Membangun keluarga tidak terdengar buruk bila dilakukan bersama Zoro.

Kriing!

Bibirnya mengerucut ketika ia mendengar bel berbunyi nyaring. Zoro yang awalnya tertidur pulas pun akhirnya ikut mengerjap, terbangun akibat suara bel rumah yang Sanji letakkan dalam kamar. Si pirang menarik kain apapun yang sedekat mungkin dengannya untuk menutup pinggang ke bawah. Ia berjalan keluar kamar untuk menghampiri asal suara, agak menggerutu.

Tangannya menarik gagang pintu, ingin segera melihat siapa yang datang bertamu di pagi buta seperti ini.

"Pagi Sanji!"

Sapaan dari gadis berambut oranye di pintu lift membuat jantungnya nyaris tidak berfungsi. Sial, ia lupa sudah memberikan kunci elevator cadangan pada Nami. Tepat di samping gadis itu, Robin berdiri sambil tersenyum halus ketika melihat perawakannya. Bagaimana tidak, Sanji membuka pintu hanya bermodalkan sebuah handuk sebagai pakaiannya. Banyak pula bercak merah menuju ungu di sekitar badannya. Tidak hanya itu, bekas gigi juga tercetak jelas di beberapa bagian tubuhnya.

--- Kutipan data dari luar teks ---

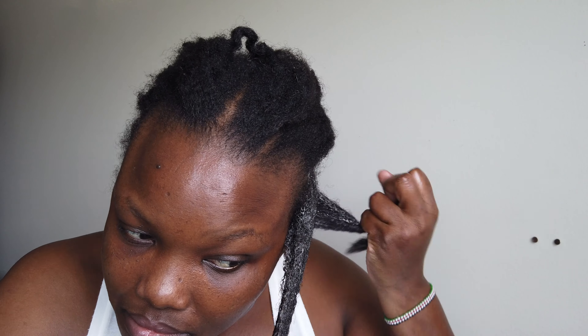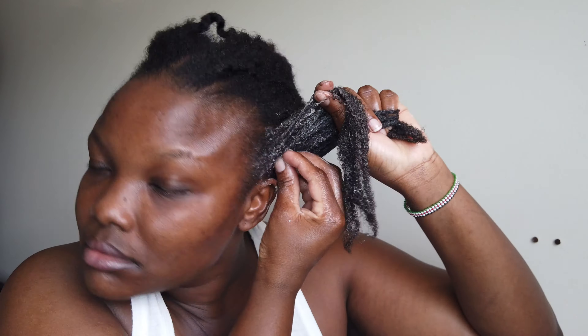Hello my friends, welcome back to my channel. If you're new, welcome — grab a seat and make this your home. Today is hair day, so I'm sharing with you how I wash my hair, featuring a fenugreek deep conditioning mask.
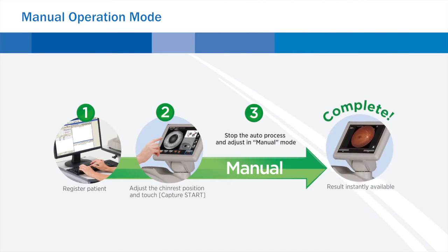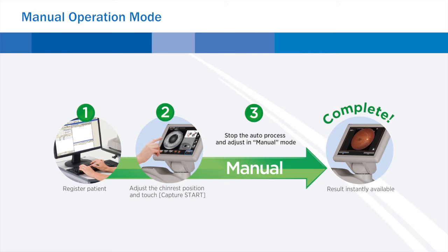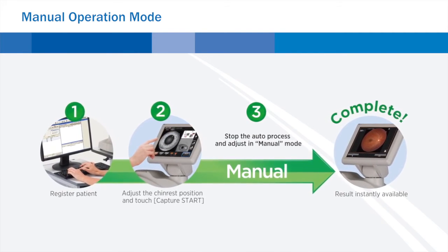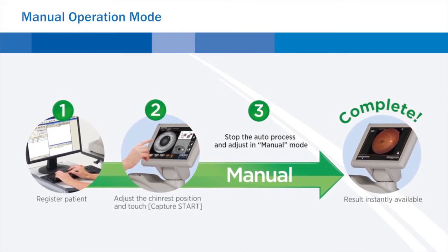In manual mode, alignment is adjusted by a finger touch on the screen, and illumination, flash intensity, diopter adjustment, and internal fixation targets can be adjusted.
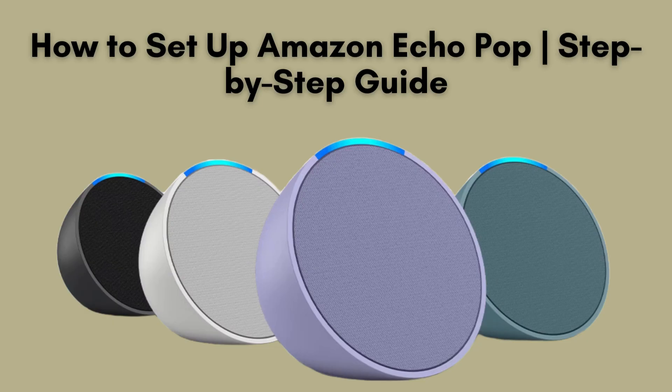In this video, we'll guide you through the straightforward process of setting up your Amazon Echo Pop. This compact smart speaker is ideal for streaming music, managing smart home devices, and utilizing Alexa's versatile features. Let's dive in and get you started.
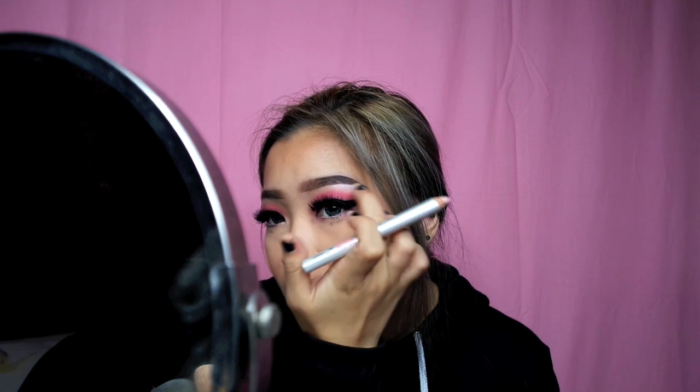These are the last two products and both are highlighters for your brow bone. High Brow Glow has a shimmer color to it, so I'm going to apply it on my brow bone here — can you see that? And the other one is High Brow, which is not shimmery. I'm going to blend it with my finger. Tell me which one you like more — High Brow or High Brow Glow?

"Ayo pesta sushi," tanpa membiarkan pemilik rumah memberi penjelasan, Nami melesat masuk ke dapur dengan membawa dua plastik berisi makanan berbahan dasar ikan dan nasi.

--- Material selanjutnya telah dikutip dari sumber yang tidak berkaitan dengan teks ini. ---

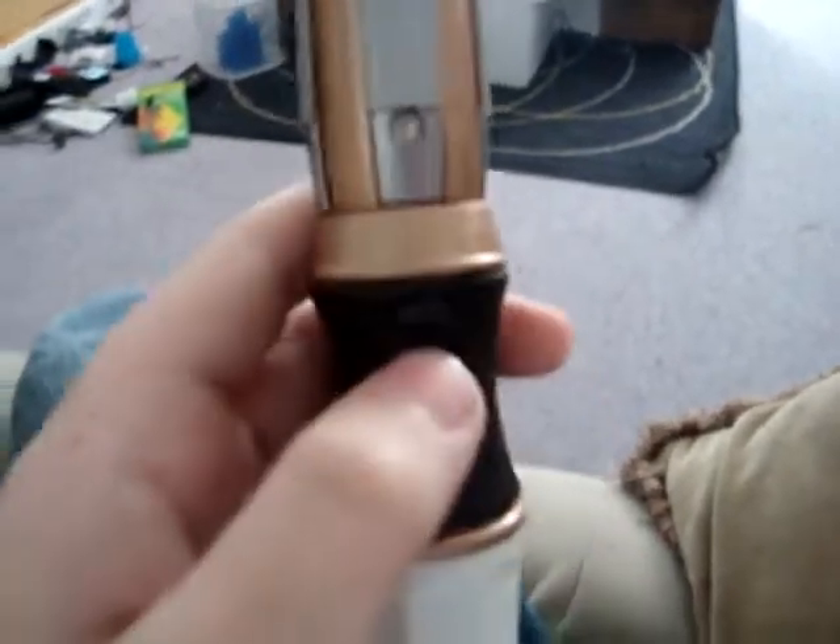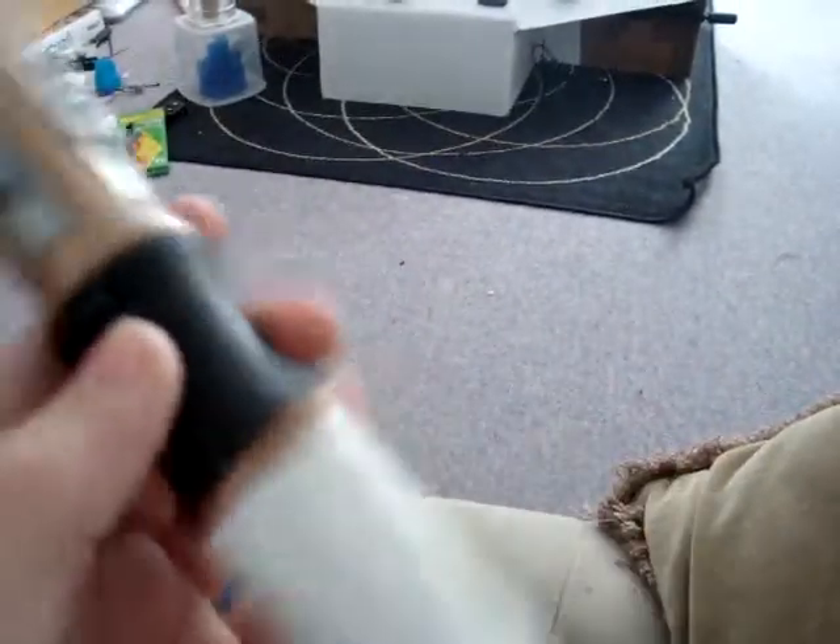Hello, this is the Doctor Who Dude, and I've just found a hidden sound on the Doctor Who 11th Sonic Screwdriver.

Sanji menggaruk belakang kepalanya sebelum berbalik masuk ke dalam kamar untuk mencari pakaian. "Zoro, ayo pakai bajumu, kita makan sushi," ajak si pirang.

"Hah... Sushi?" tampaknya alam bawah sadar Zoro masih berkeliaran di alam mimpi.

Setelah beberapa lama mempersiapkan diri, Sanji keluar dengan tangan menggandeng milik Zoro. Mereka duduk di depan kedua gadis alpha yang masih menyebar senyum curiga. Tapi Sanji tidak memedulikannya. Ia terus menyuap sushi masuk ke dalam mulutnya.

"Siapa ini?" tanya Nami, tertarik dengan sosok baru yang memasuki area rumah Sanji.

Si pirang terdiam sejenak. "Perkenalkan, ini Zoro. Zoro, ini Nami dan Robin,"

Robin tersenyum miring. "Kau tampak familiar, kenal Luffy?"

Zoro tersedak minumannya sendiri ketika mendengar nama sahabatnya diucapkan. "Aku temannya," jawab Zoro pelan. Ia kembali mengunyah sushi di atas meja.

"Luffy yang itu?" tanya Nami.

"Luffy yang itu tentu saja."

"Ah, ya... sejak kapan preferensimu ganti jadi laki-laki?" Nami mengganti topik secepat kilat.

Giliran Sanji yang tersedak.

.
.

Benar juga pertanyaan Nami. Sejak kapan preferensinya berganti menjadi laki-laki? Ditambah lagi ia tertarik pada sosok yang tak mencerminkan perempuan sama sekali. Tubuhnya kasar dan tinggi dengan otot natural yang menyembul dari sela lengan, perut, bahkan kaki. Wajahnya tampan dengan rahang apik menyempurnakan figur maskulinnya. Dan tentu saja pria itu tidak mendesah seperti banyak perempuan yang sering ia ajak tidur sebelumnya. Malahan Sanji yang dibuatnya mendesah.

Tapi tidak ada laki-laki lain yang membuatnya berdebar selain Zoro. Laki-laki lain selain Zoro...

Law?

Ah tidak.

Sanji berhenti menyeruput kotak jusnya. Law tidak lagi menghubunginya. Mereka juga hampir tidak pernah berpapasan. Terakhir kali bertemu itupun saat sang dokter mengantarkannya ke kantor. Paru-parunya meraup napas sebanyak mungkin sebelum ia berdiri dari sofa dan berjalan mendekati kekasih barunya yang masih disibukkan dengan tugas. Tangannya melingkari pundak si hijau dari belakang sebelum memberi kecupan ringan di pipi kanan.

"Kenapa?" tanya Zoro.

"Aku mau pergi ke grocery store, mau titip?"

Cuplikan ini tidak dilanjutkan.